Anyway, we’re getting our MRE’s (Meal-Ready-to-Eat) so I better go eat before we start moving again.

I hope college is treating you well and that I didn’t cause you distress with all the details in this letter.

I think about you a lot, maybe more than I should, but that smile of yours can get me through anything. So, whatever you’re doing right now, on the other side of the world, keep smiling for me.

—Brett

I drop the letter onto Melody’s lap, and she grabs my arms and ties them tightly around her chest. I never thought I’d be listening to my words while holding this woman in my arms. I didn’t think I was going to make it out of there alive, not after that first attack. “That was a brutal awakening. I didn’t think we would skate by without seeing the effects of combat and attacks, but no matter what I imagined or tried to prepare myself for, it didn’t come close to what I saw that day. It didn’t get easier after that andI didn’t become numb like I thought I would. I walked around in fear, stayed awake at night in fear and wondered if those days that felt like we were in Hell, were my life’s purpose. The training I had—it prepared me for all the physical strength I would need to survive, but there’s no training for luck, and luck is all we had most days.”

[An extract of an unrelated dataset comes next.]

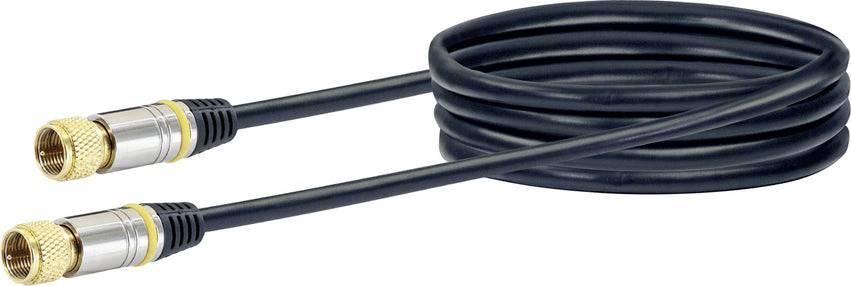 Câble coaxial avec des connecteurs dorés, tressé, adapté pour la connexion de signaux d'antenne ou de satellite.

“Did you lose any of your men that day?”

I shake my head. “No, none of us were in the market thankfully, but whether it was one of us or another innocent human being, no one deserves to go out that way.”

“What did you do after you finished cleaning up from the attack?” she asks. No one has asked me this question before because no one knows about that attack.

“We marched forward toward our next destination. We received communications on expected threats, but a lot of times, we didn’t know how, or where the damage would be. We didn’t even know the difference between the good guys and the bad guys sometimes. They would try to fool us. I never knew what to think, so I had watched for unusual twitches and eye movements. I learned their behaviors and tried to seek out the danger before they had an opportunity to pounce on us.”

“They don’t report those kinds of updates on the news,” Melody says.

“The public shouldn’t have to bear witness to a lot of what we saw. Your imagination is enough.”